A segunda etapa da luta pela terra, segundo a Ministra do Meio Ambiente, apresenta essas conquistas: as reservas extrativistas e a criação da Universidade da Floresta, uma extensão da Universidade Federal do Acre (Ufac), voltada para pesquisa sobre a biodiversidade da região amazônica e o manejo sustentável da floresta. Na conferência da manhã do sábado, a antropóloga Manuela Carneiro da Cunha já havia destacado a possibilidade real de o conhecimento tradicional e o conhecimento científico “viverem juntos”, graças ao exemplo da Universidade da Floresta, que foi instalada em Cruzeiro do Sul, em 2005. Marina Silva não esteve presente à conferencia de Manuela Carneiro, mas em muitos momentos de sua palestra manifestou seu reconhecimento e respeito à atuação da antropóloga.
Ao salientar a importância do trânsito entre a ciência ocidental e os saberes das comunidades tradicionais, Marina Silva não apenas estabeleceu um diálogo com a pesquisa científica, como começou a se articular em relação a outras áreas do conhecimento. Olhou para seu colega de mesa, o professor e crítico de arte belga Thierry de Duve, e, de forma surpreendente, comparou o readymade de Duchamp à “desconstituição da visão tradicional da ciência”. Assim como o urinol foi deslocado da vida para o museu, ela afirmou que “o feito pronto, o empírico, aquilo que os índios e os seringueiros observam na natureza” também pode ser adquirido como conhecimento e ciência.

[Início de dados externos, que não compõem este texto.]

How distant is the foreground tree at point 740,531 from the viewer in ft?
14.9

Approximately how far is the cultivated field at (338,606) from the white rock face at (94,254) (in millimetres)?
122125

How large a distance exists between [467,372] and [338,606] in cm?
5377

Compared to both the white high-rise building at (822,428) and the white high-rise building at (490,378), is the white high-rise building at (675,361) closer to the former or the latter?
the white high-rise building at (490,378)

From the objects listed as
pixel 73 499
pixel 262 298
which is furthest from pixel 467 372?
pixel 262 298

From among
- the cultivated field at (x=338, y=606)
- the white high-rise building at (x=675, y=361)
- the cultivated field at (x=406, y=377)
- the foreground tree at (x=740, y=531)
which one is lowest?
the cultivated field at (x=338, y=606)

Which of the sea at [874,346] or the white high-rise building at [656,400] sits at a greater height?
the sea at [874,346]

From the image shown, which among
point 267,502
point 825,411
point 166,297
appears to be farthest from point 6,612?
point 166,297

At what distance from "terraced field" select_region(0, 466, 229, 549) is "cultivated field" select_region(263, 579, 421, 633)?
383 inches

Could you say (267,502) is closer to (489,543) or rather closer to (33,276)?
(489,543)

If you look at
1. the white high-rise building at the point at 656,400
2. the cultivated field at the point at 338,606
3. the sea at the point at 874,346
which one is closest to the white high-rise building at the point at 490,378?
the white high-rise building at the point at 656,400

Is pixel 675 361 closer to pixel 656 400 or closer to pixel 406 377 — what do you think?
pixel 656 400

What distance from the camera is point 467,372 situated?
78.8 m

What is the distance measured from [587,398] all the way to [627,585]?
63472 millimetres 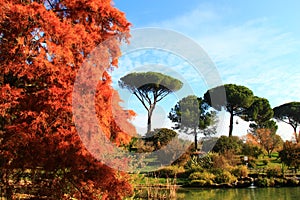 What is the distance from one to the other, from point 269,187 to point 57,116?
589 inches

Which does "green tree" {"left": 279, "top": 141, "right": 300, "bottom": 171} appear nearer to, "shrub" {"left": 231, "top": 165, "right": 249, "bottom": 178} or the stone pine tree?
"shrub" {"left": 231, "top": 165, "right": 249, "bottom": 178}

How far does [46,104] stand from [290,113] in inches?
1631

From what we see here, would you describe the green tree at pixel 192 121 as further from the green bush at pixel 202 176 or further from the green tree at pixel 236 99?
the green tree at pixel 236 99

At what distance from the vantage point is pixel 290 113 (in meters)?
41.4

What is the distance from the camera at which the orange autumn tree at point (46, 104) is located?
15.2 ft

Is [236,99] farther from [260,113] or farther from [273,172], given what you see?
[273,172]

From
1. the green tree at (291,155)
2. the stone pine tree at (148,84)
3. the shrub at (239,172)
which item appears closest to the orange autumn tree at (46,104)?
the stone pine tree at (148,84)

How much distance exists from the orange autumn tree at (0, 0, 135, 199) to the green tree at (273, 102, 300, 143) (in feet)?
132

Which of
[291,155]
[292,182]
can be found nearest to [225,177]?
[292,182]

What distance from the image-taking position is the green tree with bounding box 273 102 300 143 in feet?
135

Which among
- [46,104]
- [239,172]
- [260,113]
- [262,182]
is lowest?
[262,182]

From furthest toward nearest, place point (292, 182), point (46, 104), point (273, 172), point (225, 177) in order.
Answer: point (273, 172) → point (225, 177) → point (292, 182) → point (46, 104)

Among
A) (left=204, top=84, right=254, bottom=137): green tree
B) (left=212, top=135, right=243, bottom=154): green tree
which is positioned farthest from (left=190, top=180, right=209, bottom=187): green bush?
(left=204, top=84, right=254, bottom=137): green tree

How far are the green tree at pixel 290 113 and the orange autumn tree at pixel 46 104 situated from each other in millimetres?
40127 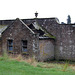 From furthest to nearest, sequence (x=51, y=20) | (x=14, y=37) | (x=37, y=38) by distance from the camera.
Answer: (x=51, y=20), (x=14, y=37), (x=37, y=38)

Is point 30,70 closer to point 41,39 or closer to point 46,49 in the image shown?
point 41,39

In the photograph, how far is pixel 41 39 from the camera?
2045 cm

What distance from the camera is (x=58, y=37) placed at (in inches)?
890

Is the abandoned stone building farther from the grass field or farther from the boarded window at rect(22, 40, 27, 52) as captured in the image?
the grass field

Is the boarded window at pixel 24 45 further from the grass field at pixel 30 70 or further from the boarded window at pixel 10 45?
the grass field at pixel 30 70

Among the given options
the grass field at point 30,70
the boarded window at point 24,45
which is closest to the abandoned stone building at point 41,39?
the boarded window at point 24,45

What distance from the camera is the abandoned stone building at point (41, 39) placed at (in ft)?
66.3

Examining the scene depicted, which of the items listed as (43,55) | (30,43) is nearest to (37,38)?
(30,43)

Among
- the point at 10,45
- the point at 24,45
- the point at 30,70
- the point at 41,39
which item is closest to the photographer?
the point at 30,70

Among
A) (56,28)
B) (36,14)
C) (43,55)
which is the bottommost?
(43,55)

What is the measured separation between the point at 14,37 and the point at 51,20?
18.4 ft

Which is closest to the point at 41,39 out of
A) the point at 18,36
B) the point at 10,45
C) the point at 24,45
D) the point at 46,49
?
the point at 46,49

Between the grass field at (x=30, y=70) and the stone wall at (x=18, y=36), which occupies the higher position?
the stone wall at (x=18, y=36)

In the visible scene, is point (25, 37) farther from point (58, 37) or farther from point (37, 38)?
point (58, 37) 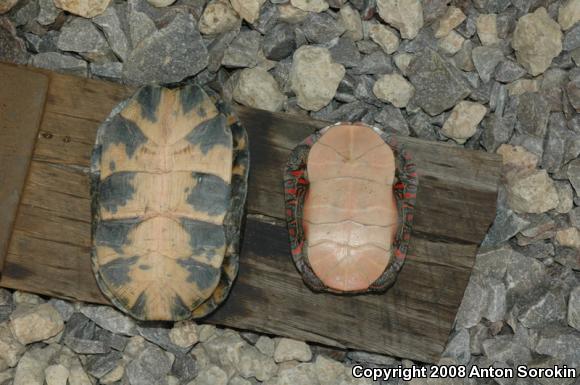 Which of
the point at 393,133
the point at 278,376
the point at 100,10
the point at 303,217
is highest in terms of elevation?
the point at 100,10

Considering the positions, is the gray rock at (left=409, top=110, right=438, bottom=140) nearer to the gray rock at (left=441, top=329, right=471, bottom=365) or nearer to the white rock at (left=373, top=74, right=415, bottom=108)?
the white rock at (left=373, top=74, right=415, bottom=108)

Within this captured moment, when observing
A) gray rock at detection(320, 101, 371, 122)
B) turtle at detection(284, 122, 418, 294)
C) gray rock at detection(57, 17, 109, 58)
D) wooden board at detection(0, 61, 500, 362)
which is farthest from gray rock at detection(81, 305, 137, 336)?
gray rock at detection(320, 101, 371, 122)

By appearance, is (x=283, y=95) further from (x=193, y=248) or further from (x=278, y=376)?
(x=278, y=376)

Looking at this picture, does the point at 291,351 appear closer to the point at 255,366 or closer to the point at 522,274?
the point at 255,366

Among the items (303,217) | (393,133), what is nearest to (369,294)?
(303,217)

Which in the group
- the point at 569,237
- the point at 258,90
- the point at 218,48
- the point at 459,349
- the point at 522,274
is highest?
the point at 218,48

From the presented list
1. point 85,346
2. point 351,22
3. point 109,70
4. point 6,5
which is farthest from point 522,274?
point 6,5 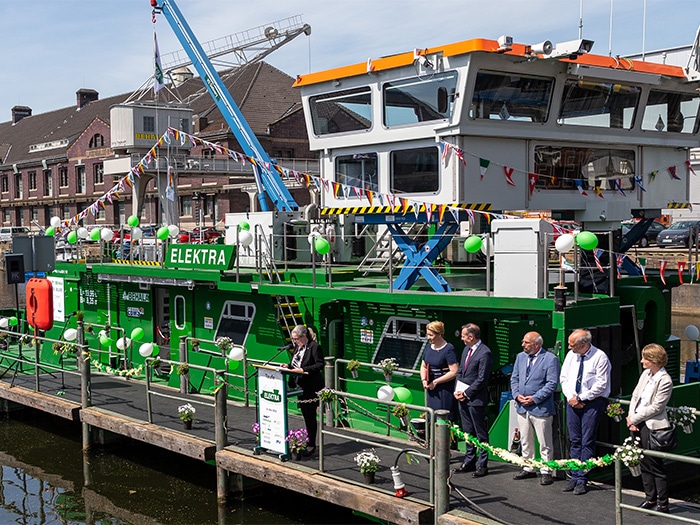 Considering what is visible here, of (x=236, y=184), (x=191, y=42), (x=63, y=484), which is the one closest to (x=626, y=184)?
(x=63, y=484)

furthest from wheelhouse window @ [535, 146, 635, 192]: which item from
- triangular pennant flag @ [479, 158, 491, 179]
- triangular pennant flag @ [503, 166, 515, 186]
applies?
triangular pennant flag @ [479, 158, 491, 179]

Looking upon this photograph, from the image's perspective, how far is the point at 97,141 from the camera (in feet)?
214

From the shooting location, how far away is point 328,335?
12.6 meters

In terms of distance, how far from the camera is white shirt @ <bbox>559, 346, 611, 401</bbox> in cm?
833

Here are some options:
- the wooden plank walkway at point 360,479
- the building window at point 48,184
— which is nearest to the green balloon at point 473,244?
the wooden plank walkway at point 360,479

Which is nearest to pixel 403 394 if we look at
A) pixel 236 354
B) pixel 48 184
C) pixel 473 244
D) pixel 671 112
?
pixel 473 244

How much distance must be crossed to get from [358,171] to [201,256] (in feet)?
10.8

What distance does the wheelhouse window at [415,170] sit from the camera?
1133 centimetres

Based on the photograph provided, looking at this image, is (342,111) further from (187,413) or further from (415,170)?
(187,413)

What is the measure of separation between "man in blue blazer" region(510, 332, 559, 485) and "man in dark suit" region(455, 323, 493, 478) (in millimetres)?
342

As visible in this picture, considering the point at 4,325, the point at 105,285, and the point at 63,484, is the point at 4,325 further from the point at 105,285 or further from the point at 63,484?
the point at 63,484

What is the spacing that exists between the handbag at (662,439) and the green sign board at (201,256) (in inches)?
297

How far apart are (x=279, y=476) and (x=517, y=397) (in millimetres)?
2907

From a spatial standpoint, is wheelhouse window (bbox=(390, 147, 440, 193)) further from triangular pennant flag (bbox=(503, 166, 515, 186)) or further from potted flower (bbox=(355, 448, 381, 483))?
potted flower (bbox=(355, 448, 381, 483))
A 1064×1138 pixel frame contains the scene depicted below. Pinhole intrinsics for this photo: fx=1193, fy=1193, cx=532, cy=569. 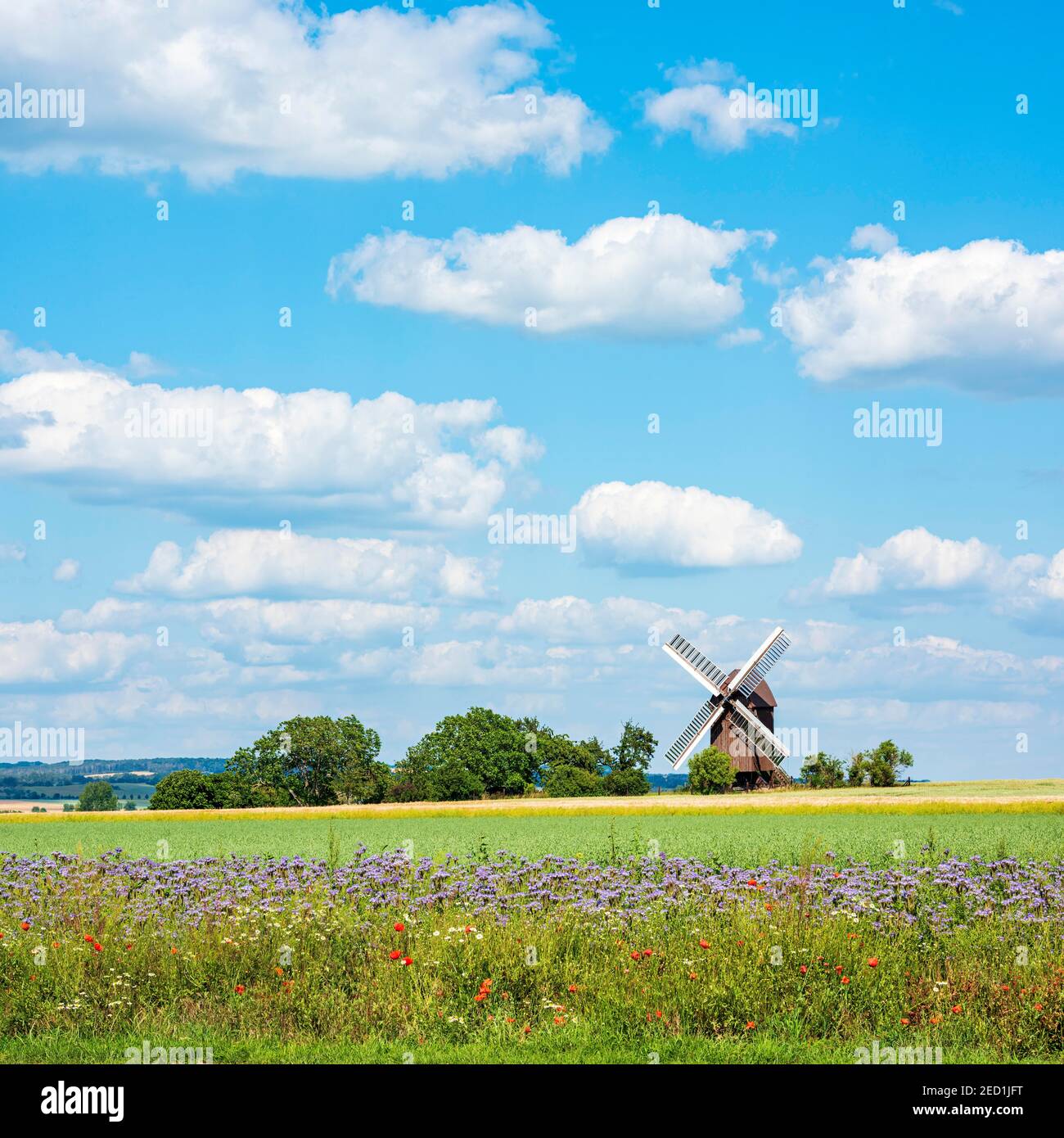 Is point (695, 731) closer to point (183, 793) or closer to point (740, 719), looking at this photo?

Destacando a importância desses “trânsitos” para a constituição de uma nova forma de conhecimento, a Ministra evocou (mesmo que sem saber) o seminário “Trocas”, em que o crítico francês Nicolas Bourriaud apresentou a sua “estética relacional”, e em que a psicóloga Maria Rita Kehl teceu um projeto de convívio “entre dessemelhantes”. Marina Silva não sabia que o seminário organizado pela co-curadora Rosa Martinez, em outubro, defendera a transferência e o intercâmbio como um novo paradigma relacional. Mas ela conhecia o tema da 27ª Bienal, “Como viver junto”. Havia visto uma reportagem sobre a Bienal em um programa jornalístico e contou o quanto ficou interessada no assunto. “O x da questão é a convivência”, disse, dando a entender que encontrara a palavra para traduzir os últimos 30 anos de luta pela terra em seu Acre natal. “A tolerância é arrogante. Conviver é aprender a transitar no diferente”.

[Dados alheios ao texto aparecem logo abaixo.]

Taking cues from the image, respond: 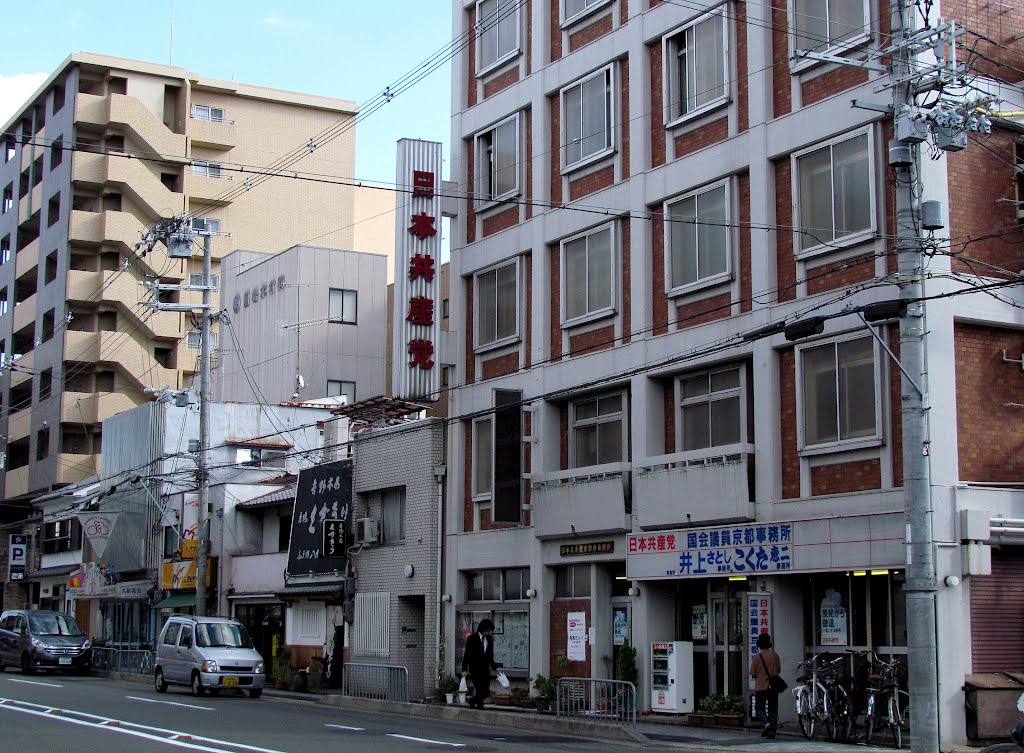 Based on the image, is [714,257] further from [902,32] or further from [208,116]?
[208,116]

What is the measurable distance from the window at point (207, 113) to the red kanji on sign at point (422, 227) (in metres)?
42.6

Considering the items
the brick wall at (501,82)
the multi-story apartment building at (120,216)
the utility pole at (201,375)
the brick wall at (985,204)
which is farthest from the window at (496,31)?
the multi-story apartment building at (120,216)

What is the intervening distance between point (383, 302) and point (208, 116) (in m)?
22.0

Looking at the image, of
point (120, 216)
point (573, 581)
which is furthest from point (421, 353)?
point (120, 216)

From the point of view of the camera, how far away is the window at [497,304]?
3086cm

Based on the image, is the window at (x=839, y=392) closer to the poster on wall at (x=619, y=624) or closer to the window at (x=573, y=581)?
the poster on wall at (x=619, y=624)

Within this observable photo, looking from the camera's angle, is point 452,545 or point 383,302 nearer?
point 452,545

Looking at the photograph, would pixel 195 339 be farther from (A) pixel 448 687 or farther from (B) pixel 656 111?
(B) pixel 656 111

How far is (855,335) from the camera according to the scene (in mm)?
A: 21688

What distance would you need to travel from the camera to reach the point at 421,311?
30.7m

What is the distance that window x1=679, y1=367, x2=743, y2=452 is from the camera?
965 inches

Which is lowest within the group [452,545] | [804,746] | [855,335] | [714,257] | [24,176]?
[804,746]

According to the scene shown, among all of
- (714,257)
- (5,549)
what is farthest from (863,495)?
(5,549)

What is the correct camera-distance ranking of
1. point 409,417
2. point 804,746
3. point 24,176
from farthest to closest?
point 24,176 < point 409,417 < point 804,746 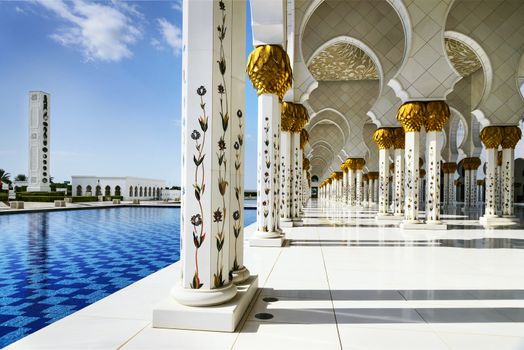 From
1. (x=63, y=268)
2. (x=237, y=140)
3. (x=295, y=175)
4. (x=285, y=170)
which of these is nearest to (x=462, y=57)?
(x=295, y=175)

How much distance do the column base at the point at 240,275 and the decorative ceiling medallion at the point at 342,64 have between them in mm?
11389

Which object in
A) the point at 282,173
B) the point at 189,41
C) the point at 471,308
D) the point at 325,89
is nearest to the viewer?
the point at 189,41

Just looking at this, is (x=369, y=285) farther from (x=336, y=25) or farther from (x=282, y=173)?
(x=336, y=25)

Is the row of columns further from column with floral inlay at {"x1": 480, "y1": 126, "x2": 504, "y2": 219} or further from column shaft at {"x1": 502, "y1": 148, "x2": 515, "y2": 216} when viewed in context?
column shaft at {"x1": 502, "y1": 148, "x2": 515, "y2": 216}

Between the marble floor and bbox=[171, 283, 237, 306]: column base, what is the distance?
0.19m

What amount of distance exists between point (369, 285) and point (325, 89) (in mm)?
13610

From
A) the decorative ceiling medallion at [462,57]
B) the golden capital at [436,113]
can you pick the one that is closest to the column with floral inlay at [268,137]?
the golden capital at [436,113]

Com a segurança e a liberdade de quem já transitara por territórios da ciência, da arte e de movimentos políticos e sociais, Marina Silva nesse momento produziu um giro em direção à história política, afirmando que “os líderes que deram certo foram aqueles que não lutaram para acabar com as diferenças”. Em seguida, em outra guinada, citou “O Mal-estar na Civilização”, de Sigmund Freud, para dizer que a civilização depende da capacidade de cada um de estabelecer o trânsito com o diferente, com o outro. “Quem não transita, morre”, lançou, antes de encerrar a palestra com um poema de sua autoria, sobre as atribuições do arco, da flecha, do caçador e do alvo.

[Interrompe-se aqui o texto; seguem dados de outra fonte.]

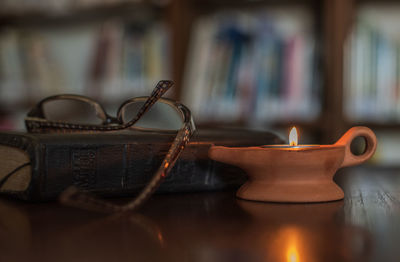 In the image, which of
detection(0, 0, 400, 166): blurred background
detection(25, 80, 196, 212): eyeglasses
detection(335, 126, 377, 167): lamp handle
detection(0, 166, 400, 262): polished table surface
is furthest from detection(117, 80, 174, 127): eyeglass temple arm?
detection(0, 0, 400, 166): blurred background

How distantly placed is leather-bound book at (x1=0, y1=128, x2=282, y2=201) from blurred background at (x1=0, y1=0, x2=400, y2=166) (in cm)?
121

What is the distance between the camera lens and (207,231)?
38 cm

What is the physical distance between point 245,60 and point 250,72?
0.16ft

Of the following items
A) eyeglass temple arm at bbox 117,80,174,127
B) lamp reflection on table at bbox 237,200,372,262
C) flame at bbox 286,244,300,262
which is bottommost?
lamp reflection on table at bbox 237,200,372,262

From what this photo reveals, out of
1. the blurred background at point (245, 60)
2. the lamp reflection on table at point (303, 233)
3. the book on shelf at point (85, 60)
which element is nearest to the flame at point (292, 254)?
the lamp reflection on table at point (303, 233)

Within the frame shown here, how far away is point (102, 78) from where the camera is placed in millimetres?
2164

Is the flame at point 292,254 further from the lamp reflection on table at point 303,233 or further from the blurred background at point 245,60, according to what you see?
the blurred background at point 245,60

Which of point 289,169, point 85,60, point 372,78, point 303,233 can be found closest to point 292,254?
point 303,233

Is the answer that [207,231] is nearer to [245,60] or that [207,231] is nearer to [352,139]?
[352,139]

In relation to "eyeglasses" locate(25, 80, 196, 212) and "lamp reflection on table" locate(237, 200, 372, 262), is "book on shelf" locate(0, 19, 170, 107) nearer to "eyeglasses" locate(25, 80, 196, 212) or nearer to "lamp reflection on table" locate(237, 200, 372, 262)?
"eyeglasses" locate(25, 80, 196, 212)

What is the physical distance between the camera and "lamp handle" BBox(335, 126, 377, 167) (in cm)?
56

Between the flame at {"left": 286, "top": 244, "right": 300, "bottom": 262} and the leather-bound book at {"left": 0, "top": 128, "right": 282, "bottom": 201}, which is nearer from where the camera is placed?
the flame at {"left": 286, "top": 244, "right": 300, "bottom": 262}

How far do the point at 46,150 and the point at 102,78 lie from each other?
5.55ft

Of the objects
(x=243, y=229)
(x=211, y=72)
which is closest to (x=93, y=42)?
(x=211, y=72)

Durante a conferência, a Ministra do Meio Ambiente disse algumas vezes que não queria falar de política. Mas talvez ela tenha compreendido que estar no espaço da arte não é estar em situação apolítica. A sociedade está aprendendo sobre a troca, diz Marina Silva. Sua conferência no seminário “Acre” foi uma mostra de que a convivência entre povos da floresta, cientistas, pesquisadores, políticos e artistas é uma realidade possível.